Apenas uma história real
Ninguém diria que ele fizesse o que fez? Quantos anos ele terá? A idade, porém, pouco importa nessa crônica
Ninguém diria que ele fizesse o que fez? Quantos anos ele terá? A idade, porém, pouco importa nessa crônica recolhida do tecido do cotidiano.Ele mora aqui perto do local onde trabalho. Talvez você já o tenha visto em alguma esquina do bairro. É possível que ele tenha cumprimentado você alguma vez na vida, até mesmo porque ele cumprimenta toda gente, não importa quem seja, o dono do mundo ou de um famigerado circo de pulgas.
A primeira vez que cruzei por ele, deitei-lhe um olhar curioso. Ele me fez o sinal de positivo, esperando que a gentileza do cumprimento retornasse em amabilidade. Tudo o que fiz foi sorrir apenas com os olhos.
– Você é de Flores da Cunha, não é? – perguntou-me ontem, pela enésima vez.
– O.k. – respondi, monossilibicamente.
O protagonista dessa história não junta ideia que a expressão O.k. surgiu na Guerra de Secessão do general Lincoln, quando as tropas voltavam para o quartel sem nenhuma baixa e escreviam numa placa: “0 Killed”, ou seja, zero mortos.
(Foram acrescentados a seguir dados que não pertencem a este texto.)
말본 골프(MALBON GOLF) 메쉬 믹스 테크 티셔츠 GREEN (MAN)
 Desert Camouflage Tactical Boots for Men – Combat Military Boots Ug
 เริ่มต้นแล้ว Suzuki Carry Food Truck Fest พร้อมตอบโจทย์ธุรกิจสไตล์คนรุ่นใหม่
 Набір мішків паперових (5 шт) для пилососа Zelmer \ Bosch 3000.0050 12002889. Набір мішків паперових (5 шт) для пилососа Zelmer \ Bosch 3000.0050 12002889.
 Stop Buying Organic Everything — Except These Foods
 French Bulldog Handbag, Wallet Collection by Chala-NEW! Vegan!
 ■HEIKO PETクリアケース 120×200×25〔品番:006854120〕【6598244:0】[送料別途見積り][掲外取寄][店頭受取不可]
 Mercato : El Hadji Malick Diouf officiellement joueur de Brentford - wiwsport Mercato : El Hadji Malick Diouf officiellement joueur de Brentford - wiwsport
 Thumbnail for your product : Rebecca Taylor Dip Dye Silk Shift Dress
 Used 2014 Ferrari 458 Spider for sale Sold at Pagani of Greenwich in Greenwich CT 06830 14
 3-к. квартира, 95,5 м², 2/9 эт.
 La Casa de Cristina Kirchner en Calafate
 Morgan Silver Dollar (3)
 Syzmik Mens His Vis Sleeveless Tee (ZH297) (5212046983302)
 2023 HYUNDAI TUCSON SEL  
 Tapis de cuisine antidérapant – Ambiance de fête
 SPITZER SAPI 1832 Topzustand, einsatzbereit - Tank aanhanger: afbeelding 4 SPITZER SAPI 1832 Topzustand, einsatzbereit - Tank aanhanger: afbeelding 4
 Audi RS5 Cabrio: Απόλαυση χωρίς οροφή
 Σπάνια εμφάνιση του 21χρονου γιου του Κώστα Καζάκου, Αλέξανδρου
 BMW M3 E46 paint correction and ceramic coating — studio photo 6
Isso serviu apenas de pretexto para o fato de que ele se parece com um soldado confederado a caminho da guerra, com seu invariável uniforme azul e cinza, arrastando a perna esquerda (ou seria a direita?).
Preciso abrir um parentêses para dizer que quase nada sei da vida do nosso confederado, a não ser que era um jovem bonito e com um futuro promissor quando sofreu um acidente que lhe descontou algumas telhas.
Com algumas telhas a menos, qualquer chuvisco encharca-lhe a lucidez.
Apesar disso, algumas pessoas reputam-lhe má fama:
– O cara é um ladrão de marca maior, sim é verdade...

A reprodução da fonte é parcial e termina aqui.